Podkreślił, że ma na myśli osoby w klubie, które podjęły decyzję o nieprzedłużeniu z nim umowy. Pod koniec maja po raz pierwszy został ojcem, więc przeprowadzka do innego miasta mocno skomplikowała mu życiowe plany.

REKLAMA

Ukształtowany przy Reymonta

Uryga zaczynał przygodę z piłką w Hutniku, ale to Białą Gwiazdę ma w sercu. Do klubu z ulicy Reymonta trafił jako 11-latek na początku 2005 roku, w tym samym czasie co Jakub Błaszczykowski i jego idol Radosław Sobolewski.

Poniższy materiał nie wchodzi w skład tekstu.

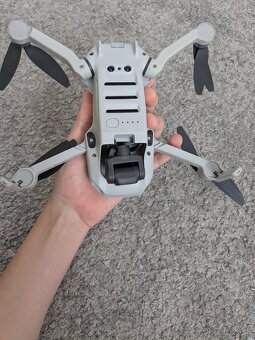 Dji mini 2 SE - 3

Awans z juniorów do seniorów zaliczył w 2012 roku, gdy Kazimierz Moskal zabrał go na zagraniczne zgrupowanie. Niedługo potem Moskal został zwolniony i w klubie rozpoczęły się rządy Michała Probierza, który na stałe włączył go do kadry pierwszego zespołu. Na debiut w ekstraklasie nie czekał długo i od razu został rzucony na głęboką wodę, bo wyszedł w pierwszym składzie na mecz z Jagiellonią Białystok. Wystąpił na środku obrony, choć potem trenerzy częściej widzieli go jako defensywnego pomocnika. Najczęściej kierowanym w jego stronę zarzutem było to, że gra askeuracyjnie, więc zaczął być cofany do linii defensywnej.

Niesmaczne pożegnanie

W ekstraklasie i Pucharze Polski Uryga zagrał dla Wisły równo sto spotkań. Niespodziewanie odszedł z klubu po ostatnim sezonie. Wisła umieściła go na liście piłkarzy, z którymi nie postanowiła przedłużać umowy. Pożegnanie odbyło się w atmosferze małego skandalu, bo zawodnik dowiedział się o decyzji klubu z komunikatu zamieszczonego na oficjalnej stronie.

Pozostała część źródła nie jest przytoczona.